If you create a cloud virtual machine and run it for anything more than a few minutes, it quickly becomes apparent how much nefarious activity goes on. You will get hit with brute force attacks on all of the known ports (and some unknown ones) pretty much continuously from the first minute.

I don’t know that there is much that cloud hosts can do about this. They have known IP ranges and I would assume that attackers constantly troll those known ranges. Mostly, it’s pretty harmless stuff. It’s annoying to see how many scripts are out there trying to login as root to port 22 but if you’ve got a handle on it, they won’t get too far.

Which brings me to the topic today. I use Hetzner Cloud for a number of small, experimental projects and I create a bunch of systems on there. In general, they aren’t long lived and I don’t want to invest a lot of time securing them.
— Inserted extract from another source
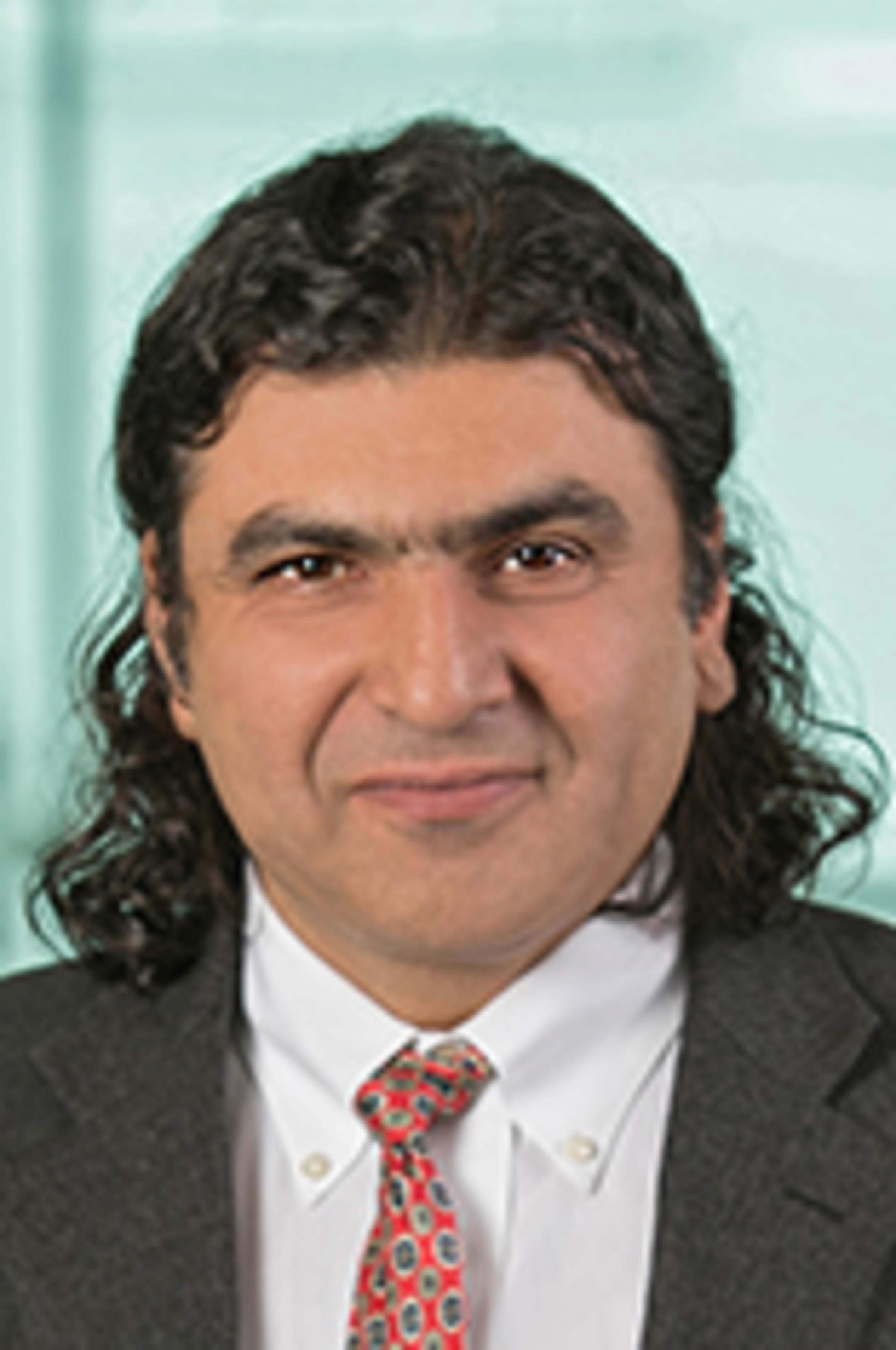 Headshot of Ionut Florescu with Manhattan in the background.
I have a series of steps that I go through when I create a new server and it gets annoying to do the same configuration everytime. So I did what every lazy programmer does when confronted with tedious, repetitive tasks: I wrote a script.

Basically, what it does is use cloud-init to do a baseline security setup for an Ubuntu server. Nothing fancy: create a user so I don’t have to use root, move the default SSH port and turn on ufw. The bash script itself just lets me pass in the parameters I might want to change and then runs hcloud to create the server.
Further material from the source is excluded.